Material for the task: Begin
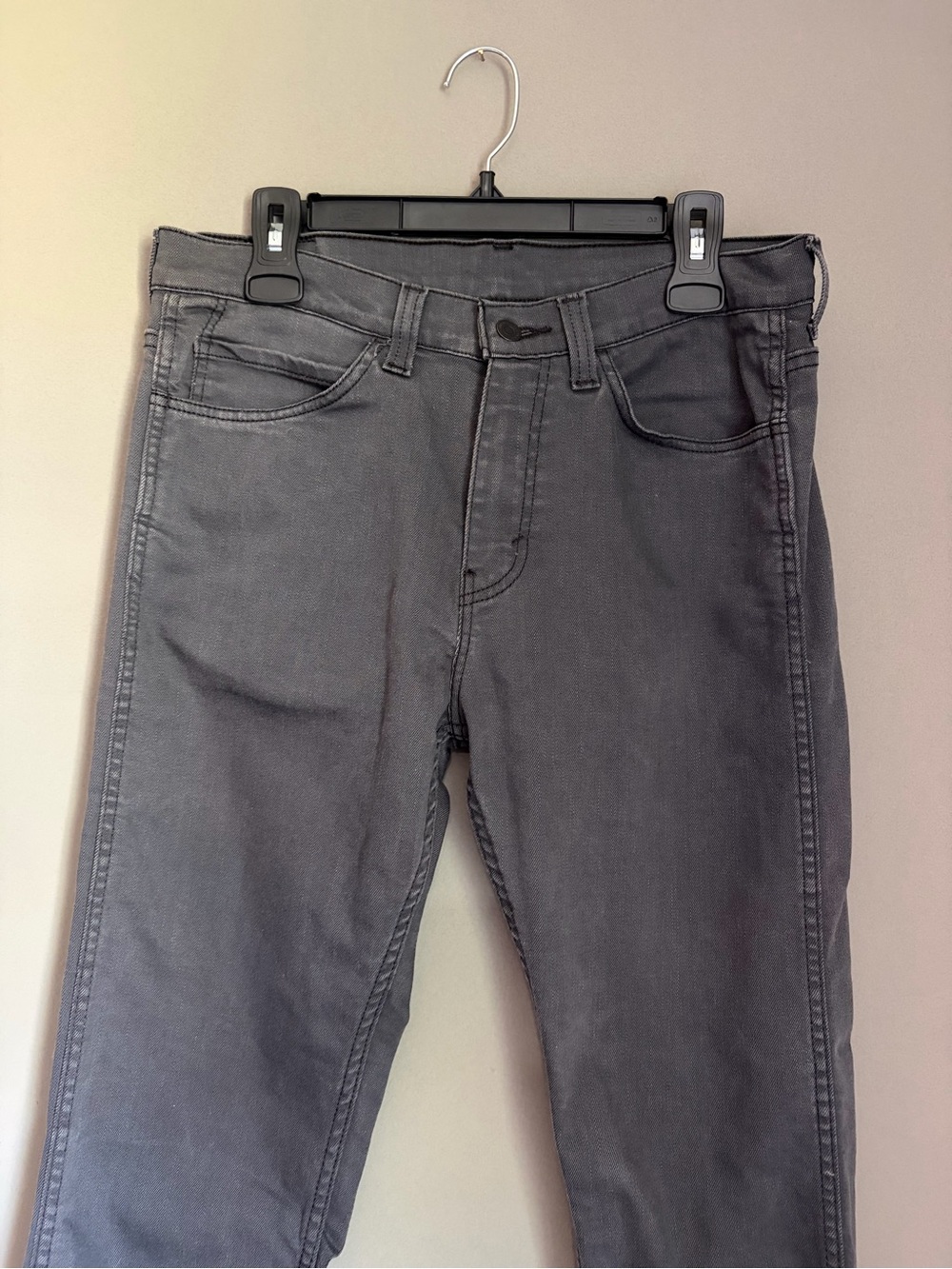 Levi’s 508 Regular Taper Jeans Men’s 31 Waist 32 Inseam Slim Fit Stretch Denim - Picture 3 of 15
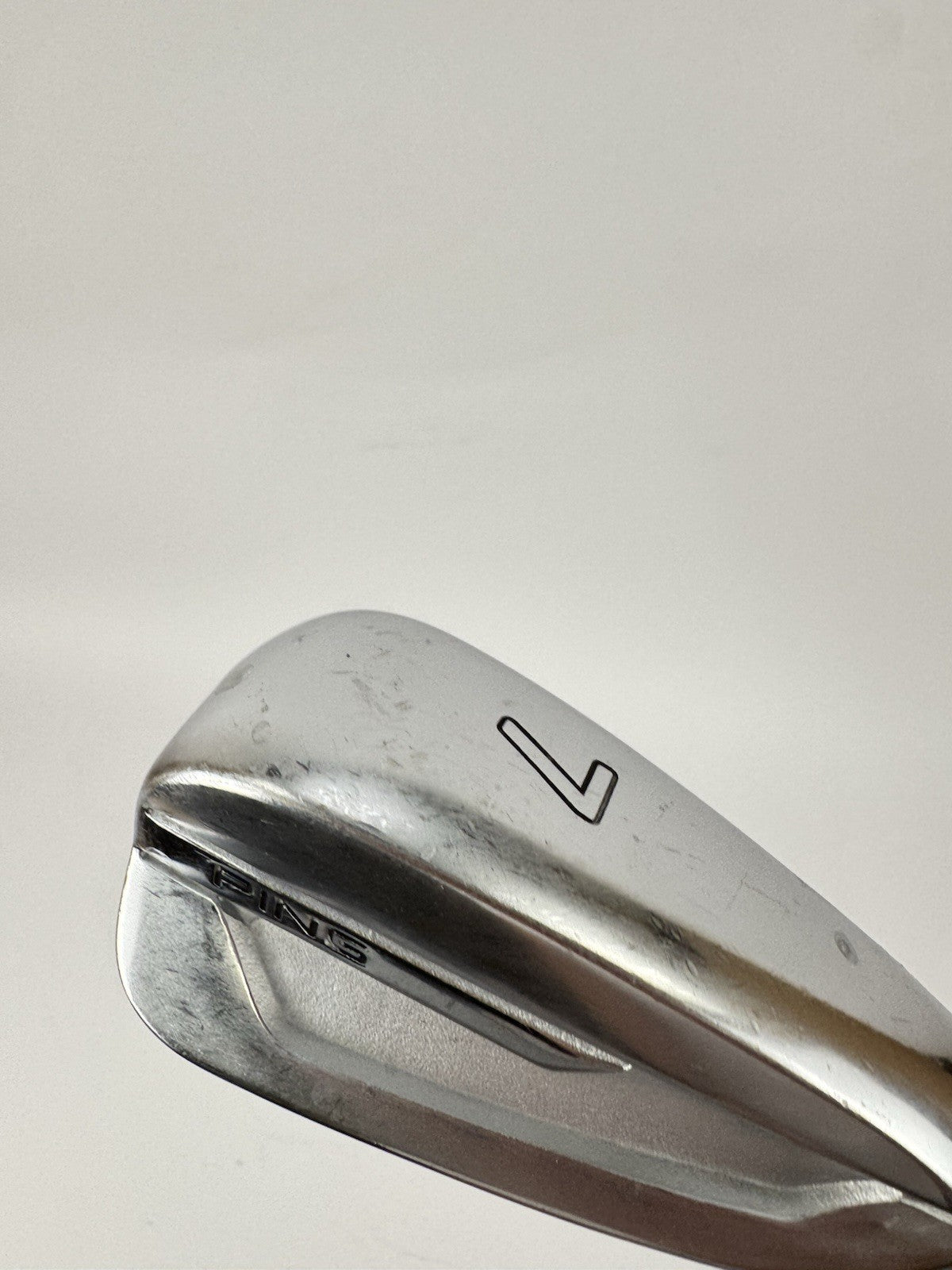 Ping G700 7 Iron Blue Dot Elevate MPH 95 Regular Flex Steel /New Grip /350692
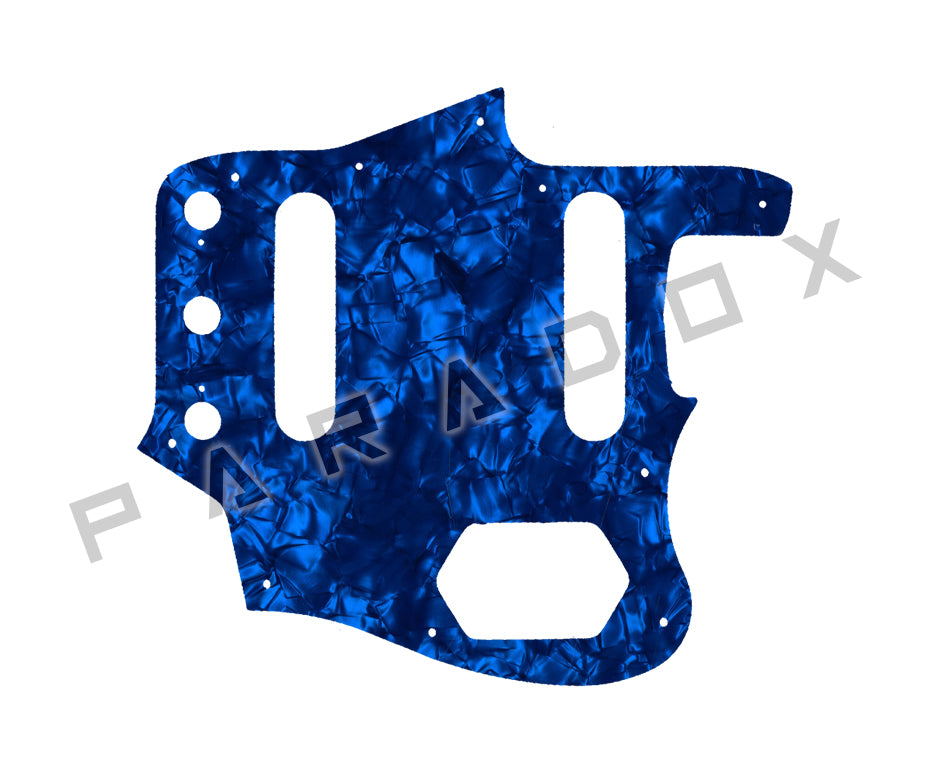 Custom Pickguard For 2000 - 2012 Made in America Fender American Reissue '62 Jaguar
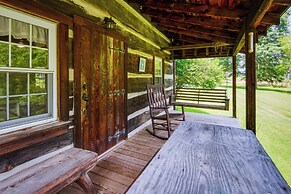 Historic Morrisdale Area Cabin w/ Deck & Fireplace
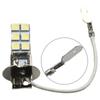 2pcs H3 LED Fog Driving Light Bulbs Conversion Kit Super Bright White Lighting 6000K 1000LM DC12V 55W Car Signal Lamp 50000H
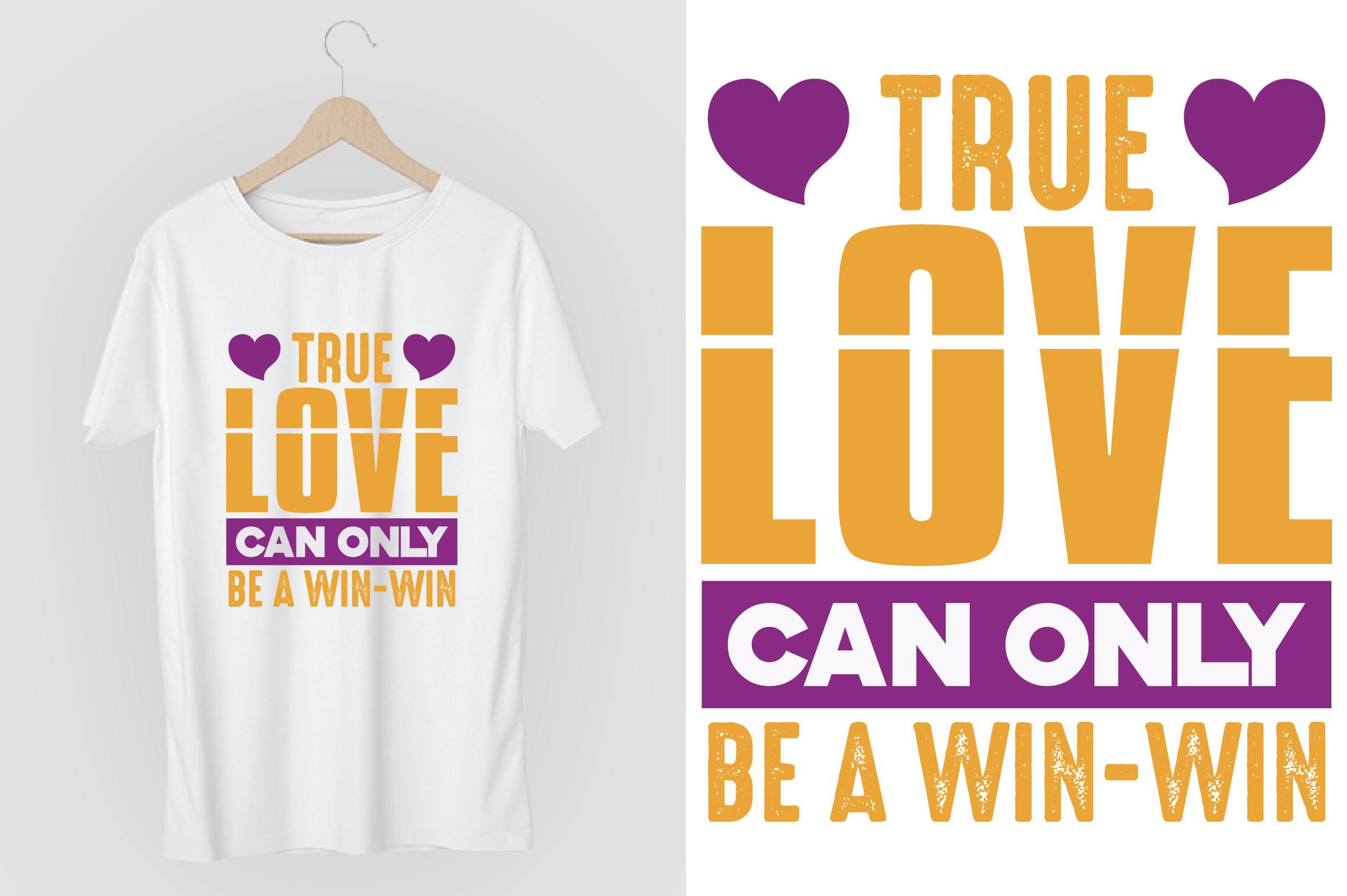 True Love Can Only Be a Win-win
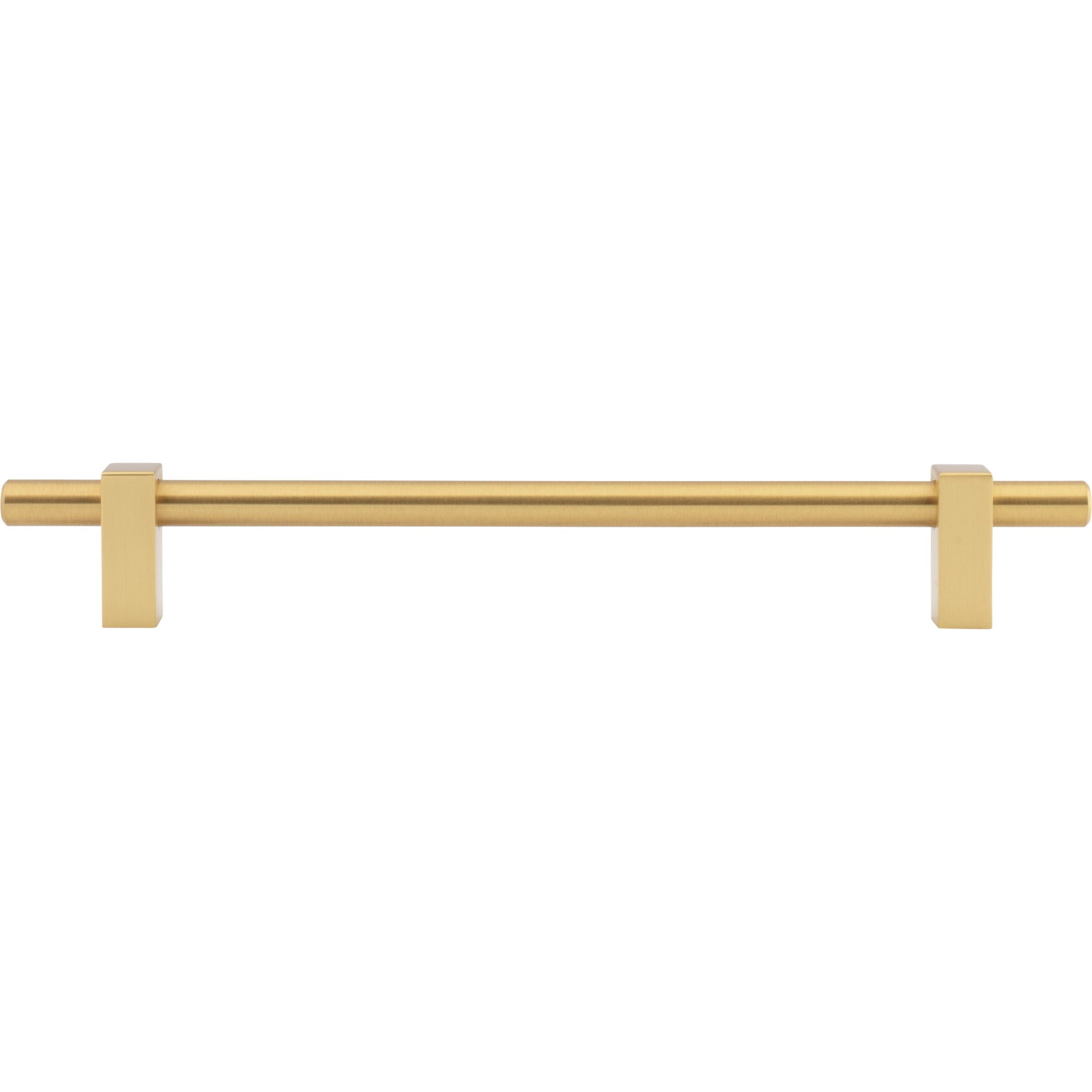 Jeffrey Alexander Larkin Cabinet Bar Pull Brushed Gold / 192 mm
Material for the task: End
## [Exercise details]
The expected output is each entry given again word for word, with pictures dropped.

## [Exercise result]
 Levi’s 508 Regular Taper Jeans Men’s 31 Waist 32 Inseam Slim Fit Stretch Denim - Picture 3 of 15
 Ping G700 7 Iron Blue Dot Elevate MPH 95 Regular Flex Steel /New Grip /350692
 Custom Pickguard For 2000 - 2012 Made in America Fender American Reissue '62 Jaguar
 Historic Morrisdale Area Cabin w/ Deck & Fireplace
 2pcs H3 LED Fog Driving Light Bulbs Conversion Kit Super Bright White Lighting 6000K 1000LM DC12V 55W Car Signal Lamp 50000H
 True Love Can Only Be a Win-win
 Jeffrey Alexander Larkin Cabinet Bar Pull Brushed Gold / 192 mm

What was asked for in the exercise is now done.